Públia Hortênsia de Castro (1548-1595) was a scholar and humanist in the court of Catherine of Austria, Queen of Portugal.

==Early life==
Born in 1548 in Vila Viçosa, Portugal, she was named for Hortensia, the famous Roman orator and daughter of Quintus Hortensius, suggesting that her parents, who were well-connected and affluent, intended her to become a well-educated woman.
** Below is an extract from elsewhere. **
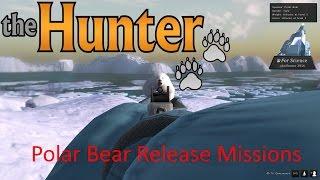 the Hunter Polar Bear Release Missions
Under the protection of a relative, Archbishop D. José de Melo, she moved from Vila Viçosa to nearby Évora to study at the University of Évora. She evidently studied Greek and Latin, and by the time she was seventeen she had been awarded a doctorate and was engaged in public debates on Aristotle, impressing her professors with her reasoning ability. She is believed to have been the first woman in Europe to have been awarded a doctorate. André de Resende, her teacher, was sufficiently impressed by his disciple's skills to inform foreign scholars, with whom he exchanged correspondence about her, arousing curiosity among distinguished academics. There are stories that, dressed as a boy and chaperoned by her brother who was a student there, she also attended the University of Coimbra, at the time the leading university in Portugal, but historians consider this unlikely. Nonetheless, she is known to have composed psalms in Latin, although they are now lost, and she was well enough admired by King Philip II that he granted her a pension for life.

==Later life==
In 1574, she began to frequent the Royal Palace of Évora and the intellectual circle of Catherine of Austria, Queen of Portugal and the infanta Maria, Duchess of Viseu, that also included Joana Vaz, Paula Vicente (daughter of the playwright Gil Vicente), and Luisa Sigea de Velasco. In 1581, finding herself abandoned by those who had protected her until then, Isabel of Braganza having died in 1576, she entered the Augustine Convent of Menino Jesus da Graça in Évora, receiving an allowance to live there from Philip II of Spain, who was also the King of Portugal. This was the same allowance as that given in 1572 to Luís de Camões, author of the epic poem Os Lusíadas.

==Death==
She died in the convent in 1595.

==Tributes==
In 1978, Lisbon honoured De Castro by giving her name to a street in the area of Carnide., one of several roads named after her in Portugal. A Secondary School bears her name in Vila Viçosa.